For this exercise, copy exactly the lines below from the one with "Eastland kedi oyuncak örme ipli fare ct19293" through the one with "Two Moulded And Painted Ceramic Wares" and leave out the pictures.

— Entries provided —

[Start of Attachment]

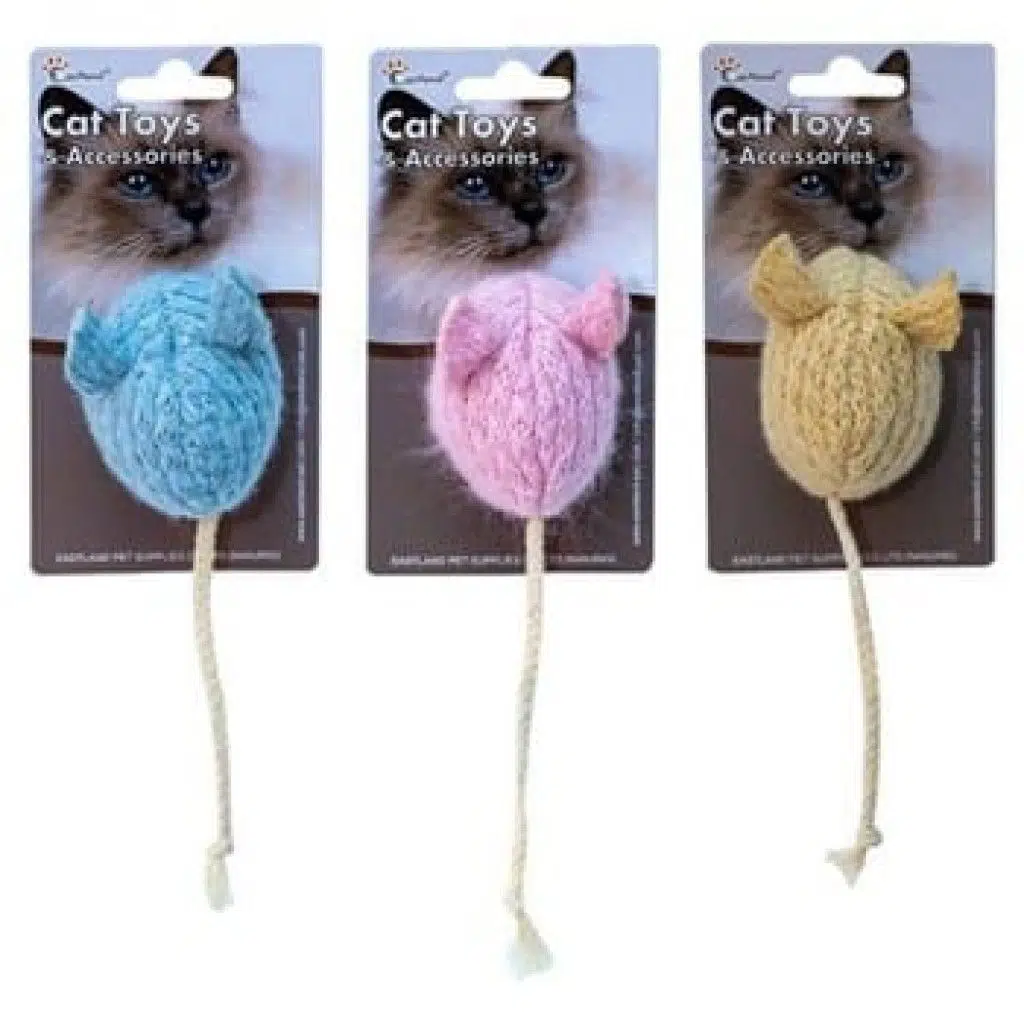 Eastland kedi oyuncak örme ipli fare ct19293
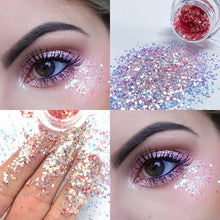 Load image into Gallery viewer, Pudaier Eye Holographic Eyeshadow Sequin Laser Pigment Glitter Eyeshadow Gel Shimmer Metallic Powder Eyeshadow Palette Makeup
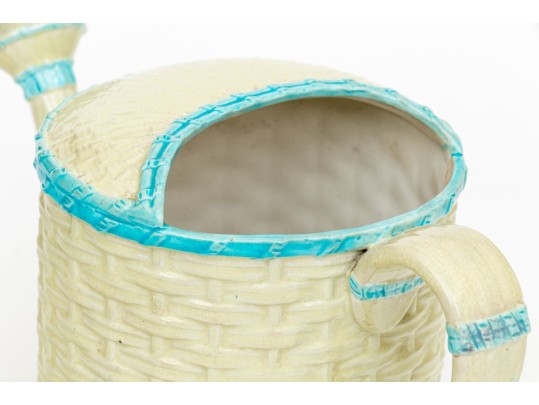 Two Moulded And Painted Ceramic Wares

[End of Attachment]
[Start of Attachment]

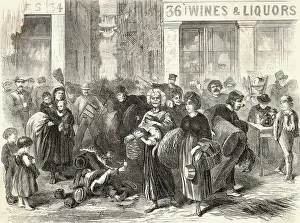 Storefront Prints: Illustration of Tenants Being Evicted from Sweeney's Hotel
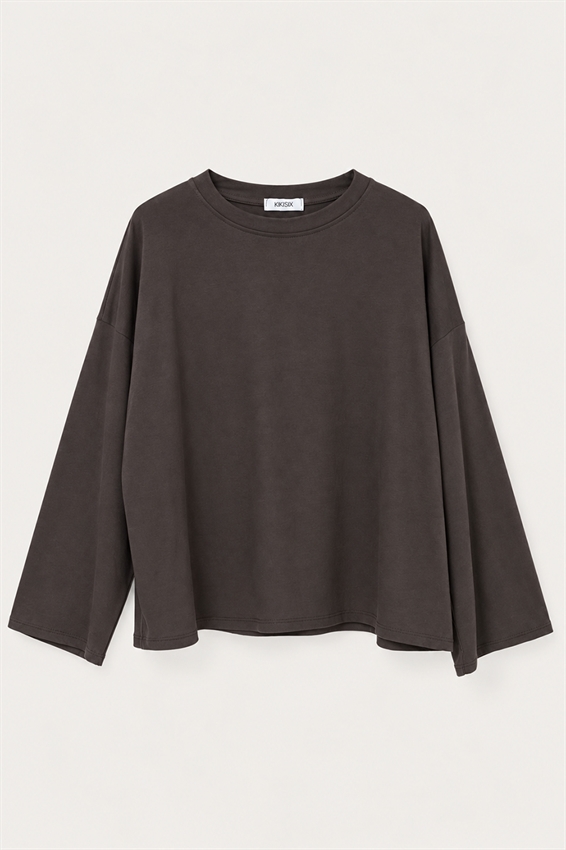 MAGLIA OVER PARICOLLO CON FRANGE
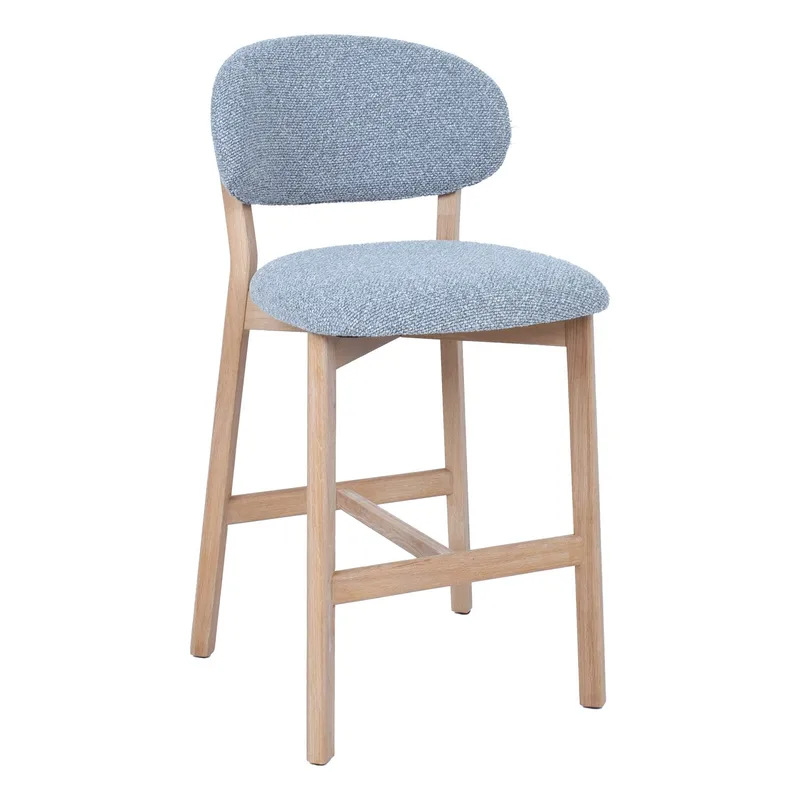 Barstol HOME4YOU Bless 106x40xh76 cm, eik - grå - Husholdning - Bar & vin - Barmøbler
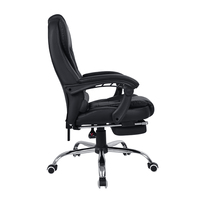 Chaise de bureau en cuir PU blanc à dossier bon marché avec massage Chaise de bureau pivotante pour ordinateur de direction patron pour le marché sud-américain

[End of Attachment]

— Finished task —
 Eastland kedi oyuncak örme ipli fare ct19293
 Load image into Gallery viewer, Pudaier Eye Holographic Eyeshadow Sequin Laser Pigment Glitter Eyeshadow Gel Shimmer Metallic Powder Eyeshadow Palette Makeup
 Two Moulded And Painted Ceramic Wares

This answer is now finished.